[[ Supplied data open ]]
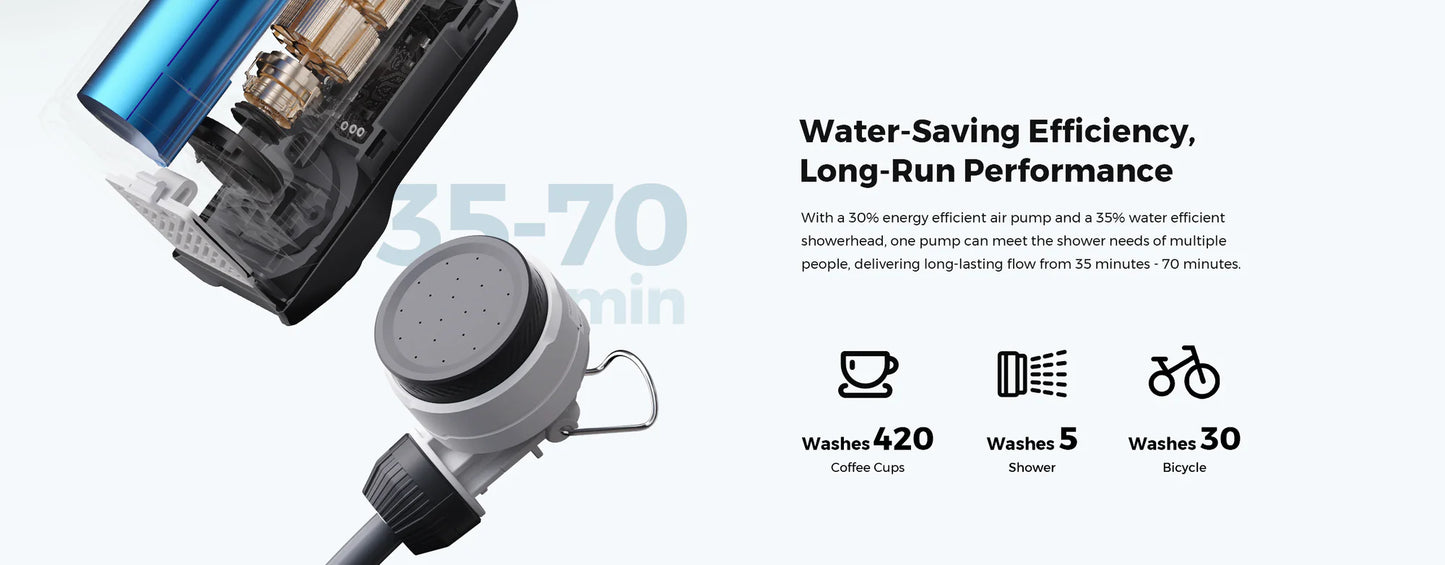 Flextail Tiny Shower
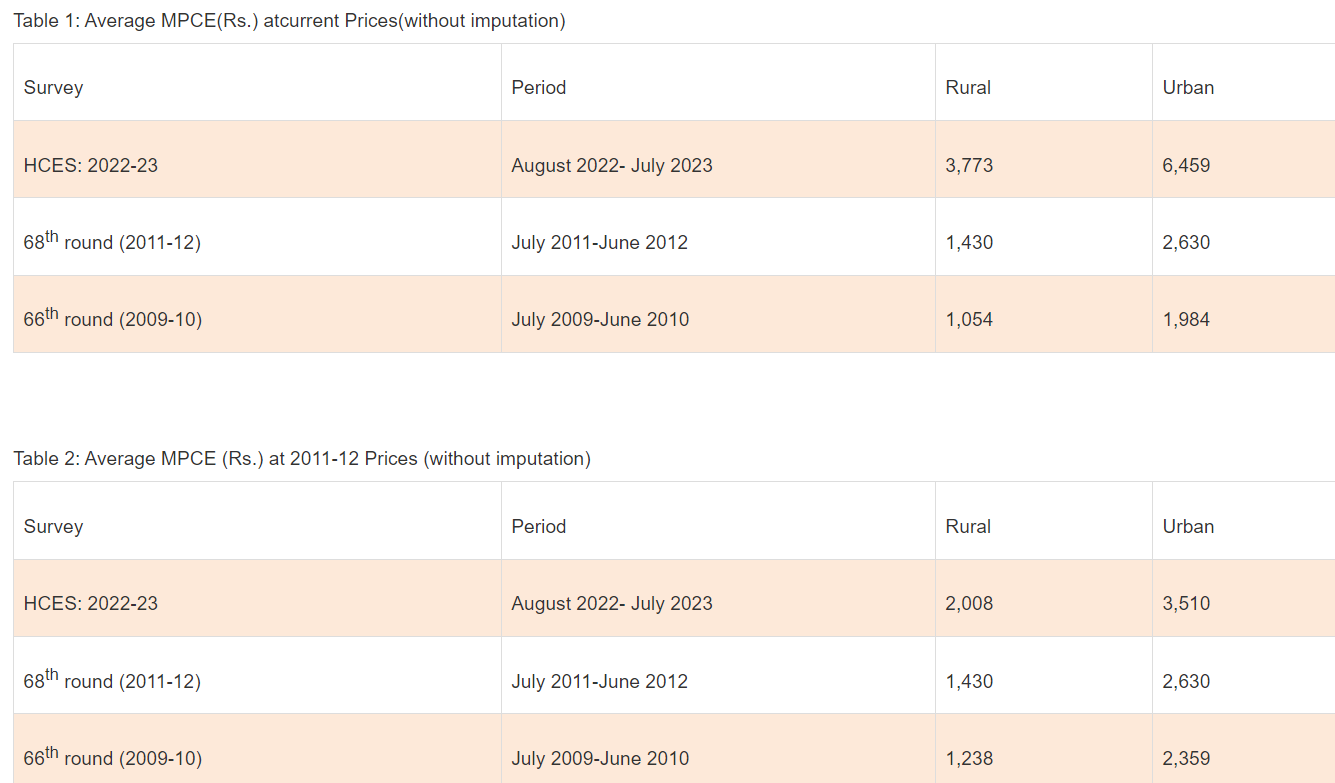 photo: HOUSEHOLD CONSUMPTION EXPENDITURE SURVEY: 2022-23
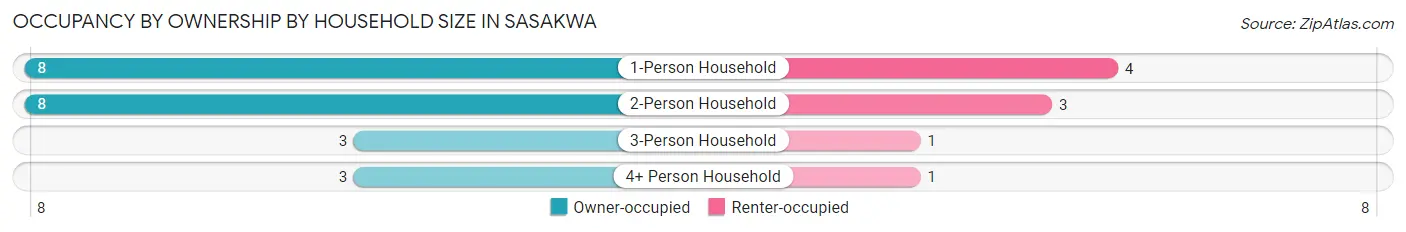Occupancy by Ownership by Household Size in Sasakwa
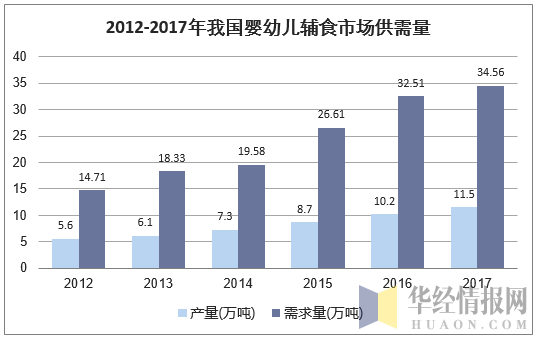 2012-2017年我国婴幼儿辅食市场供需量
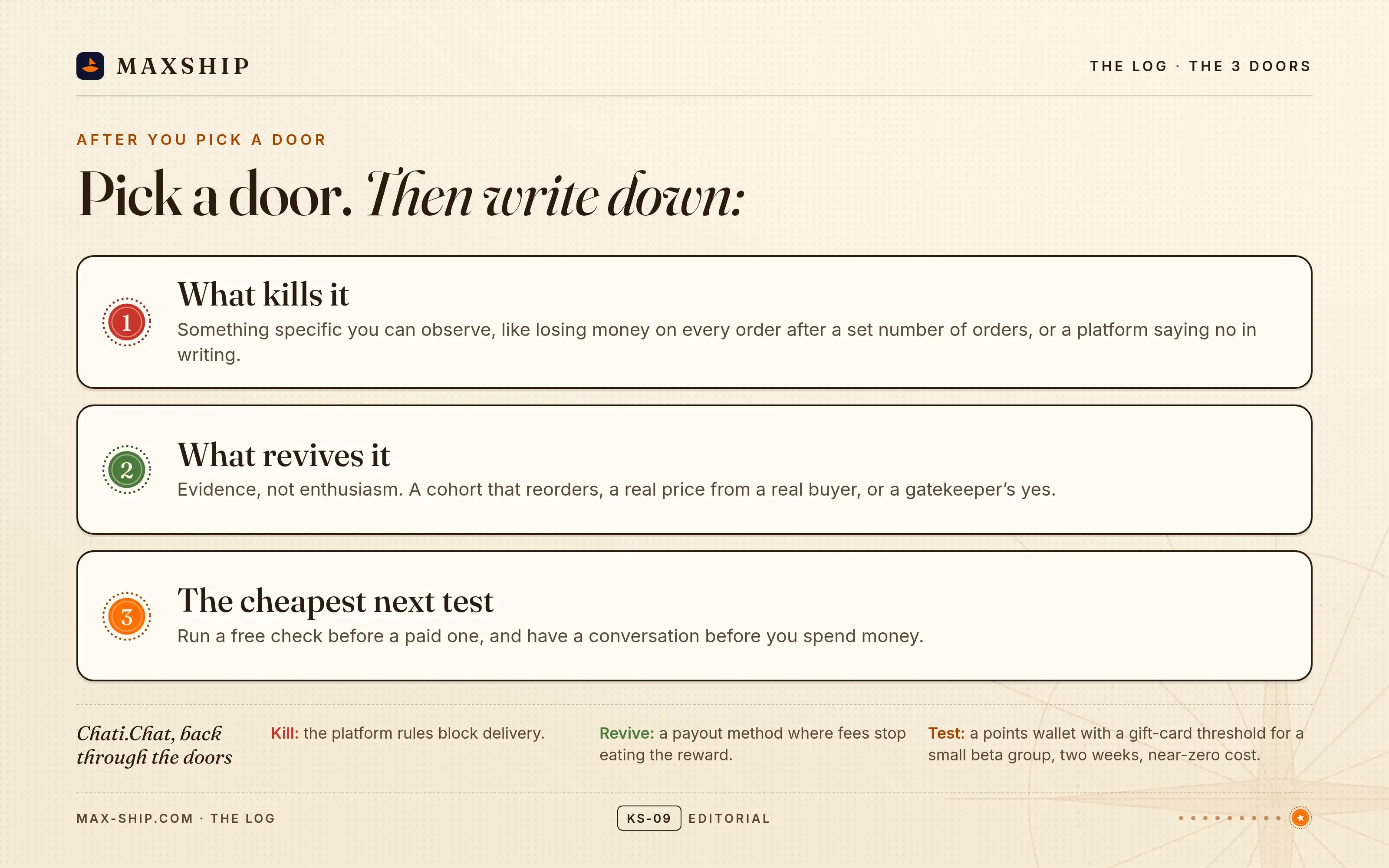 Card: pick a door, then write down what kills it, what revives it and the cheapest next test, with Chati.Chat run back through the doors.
[[ Supplied data closed ]]
**Work task:** Write out each record exactly as shown, but not its pictures.

**Answer space:**
 Flextail Tiny Shower
 photo: HOUSEHOLD CONSUMPTION EXPENDITURE SURVEY: 2022-23
Occupancy by Ownership by Household Size in Sasakwa
 2012-2017年我国婴幼儿辅食市场供需量
 Card: pick a door, then write down what kills it, what revives it and the cheapest next test, with Chati.Chat run back through the doors.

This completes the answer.